Expressions Hair Design v. Schneiderman, 581 U.S. ___ (2017), was a United States Supreme Court decision that held that price controls, when used to prohibit the communication of prices of goods with regards to a surcharge, was a regulation of speech and required an analysis of the First Amendment's protections for freedom of speech. 

In a five-Justice majority, Chief Justice John Roberts, joined by Associate Justices Kennedy, Thomas, Ginsburg, and Kagan, wrote that, "In regulating the communication of prices rather than prices themselves," the law in question "regulates speech."

Background 
In contracting with credit card companies, retailers are typically assessed a fee whenever a credit card is used. In order to compensate for these losses in revenue, merchants are given two options: either charge the customer a surcharge based on their use of credit cards, or provide a discount to customers paying with cash. In regards to the former option—charging the customer a surcharge—the New York Legislature enacted a law, §518, which banned this practice, in that, "[n]o seller in any sales transaction may impose a surcharge on a  holder  who  elects  to  use  a credit card in lieu of payment by cash, check, or similar means." Additionally, the New York Legislature was not the only legislative body which had banned surcharges before. Congress passed a law in 1981 that banned the use of surcharges in pricing goods, but this ban expired in 1984.

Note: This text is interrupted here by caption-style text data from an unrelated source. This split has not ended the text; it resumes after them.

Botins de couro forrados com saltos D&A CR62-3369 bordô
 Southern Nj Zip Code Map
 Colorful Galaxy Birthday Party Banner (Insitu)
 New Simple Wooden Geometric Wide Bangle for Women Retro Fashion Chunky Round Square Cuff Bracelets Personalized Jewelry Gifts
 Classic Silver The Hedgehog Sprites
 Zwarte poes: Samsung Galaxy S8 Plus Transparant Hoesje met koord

The Attorney General of New York, Eric Schneiderman, argued that because price controls prohibit conduct, but not speech, then there is no reasonable claim to a violation of free speech.  On January 10, 2017, one-hour of oral arguments were heard, where Deepak Gupta appeared for the hairdressers, an assistant to the Solicitor General of the United States appeared as an amicus curiae is support of neither party, and a deputy solicitor general of New York appeared for that state.

Opinion of the Court 
On March 29, 2017, the Supreme Court delivered judgment in favor of the merchants, voting unanimously to vacate and remand to the lower court.  Roberts authored the opinion of the Court, joined by Kennedy, Thomas, Ginsburg and Kagan. The Court argued that, because §518 does not regulate the price that may be received by a business, as per usual price control, but rather the communication of prices, "§ 518 regulates speech."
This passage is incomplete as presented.